I have been an avid Evernote evangelist for years. I have more than 7,300 hundred notes in my Evernote account. It has been an integral part of my digital experience for a long time. If I do decide to break up with Evernote, it will be painful to unencumber myself for good.
Bottom line, Evernote has stopped developing and innovating at the rate that it was. Since Microsoft finally released a version of OneNote for Mac about a year ago, it has been a legitimate contender in the digital note-taking space. Given my relentless curiosity about productivity tools, I decided to give it a try.
Here is what I enjoy the most about OneNote:
- I can copy and paste content from a Word or Excel document, and it maintains its original formatting. This is very helpful if I am organizing agendas or project developments. It keeps from having to open every single file to find that sentence or cell and gives me instant “at a glance” perspective.
- I can also create a document in OneNote and copy and paste it into a Word document without losing the formatting. This is extremely helpful if I’ve created something in a meeting and can quickly piece together a follow-up document for my team.
- Each note is a “canvas.” That means I can type, add pictures, etc. anywhere and organize how I want it to look on the page. This is as close as it gets to working with a paper notepad.

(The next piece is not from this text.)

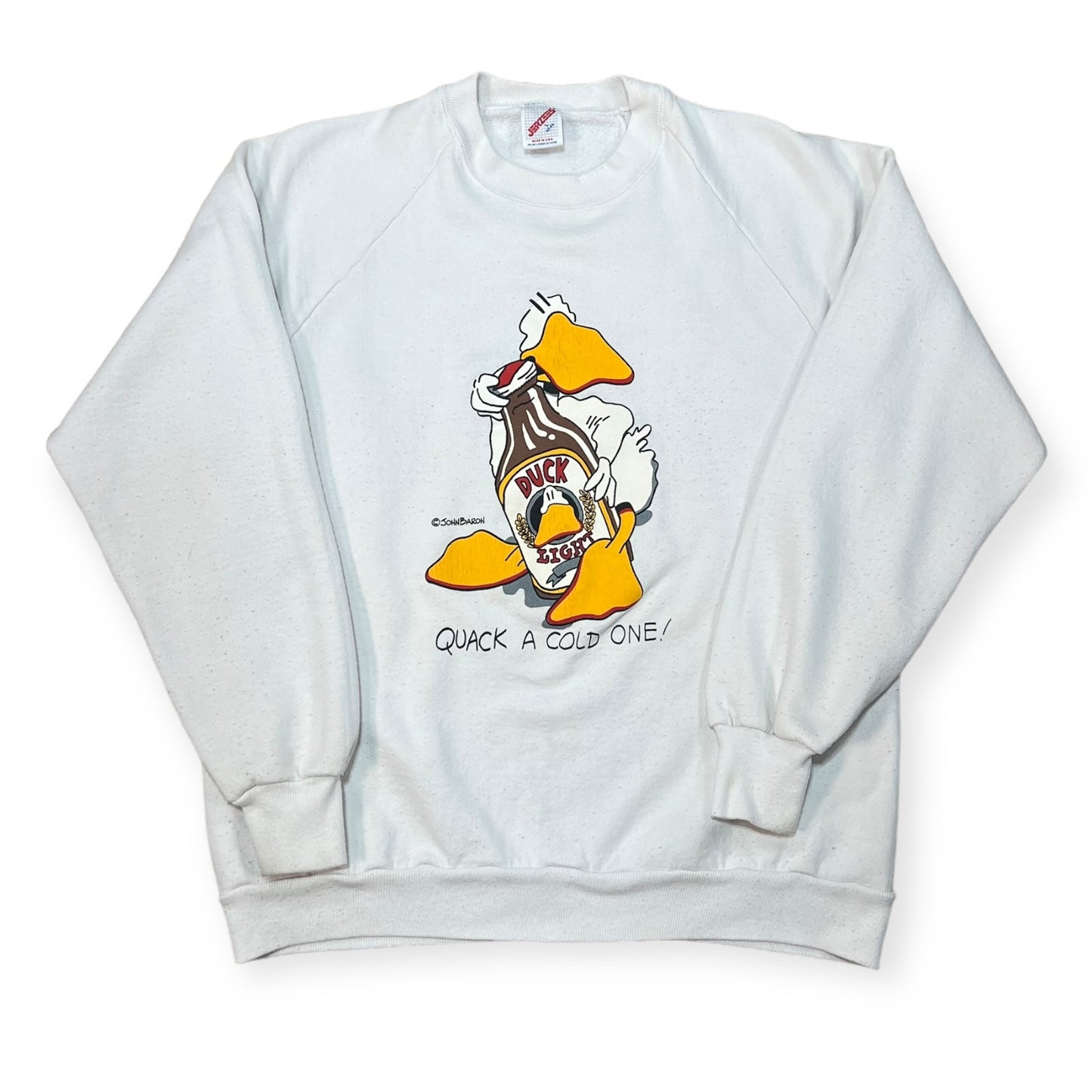 1990's Quack a cold one cartoon crewneck sweatshirt (M)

- The organization of folders, and then pages within each folder, allows for better organization and much easier navigation. Evernote feels like a collection of index cards with a rubber band wrapped around them. OneNote really does feel like a legitimate notebook.
- The tags are visual and easy to use. I can quickly glance back through my notes and determine the to-do items, the breakthrough moments, etc.
- I can still email notes to myself, take snapshots of whiteboards with my app, and drag and drop images into a note. I can’t record the meeting within the note or attach documents in the Mac version…yet. I suspect that is coming soon.
- The sync feature is consistent and reliable. I’ve found Evernote to be less than reliable in recent months in its syncing capabilities with more “conflicting notes” experiences than I ever remember.
- The user interface is much easier on the eyes. This may not matter to a lot of people, but it does to me. I’m a sucker for a well-designed app experience.
- The iPad and iPhone versions are just as easy to use as the desktop version. This is a must in my book, and OneNote checks this box.
You'll want to try this for yourself.
If you’re disappointed or less than impressed with Evernote, I would strongly encourage you to give OneNote a try. I think you’ll find it to be a very helpful tool in your productivity toolbox.
Of course, this doesn't have to be an "either-or" decision. I'm considering keeping Evernote as my digital filing cabinet and using OneNote for more traditional notetaking. Maybe some of my frustration with Evernote comes from placing too much expectation on one app or service.
What’s been your experience with OneNote?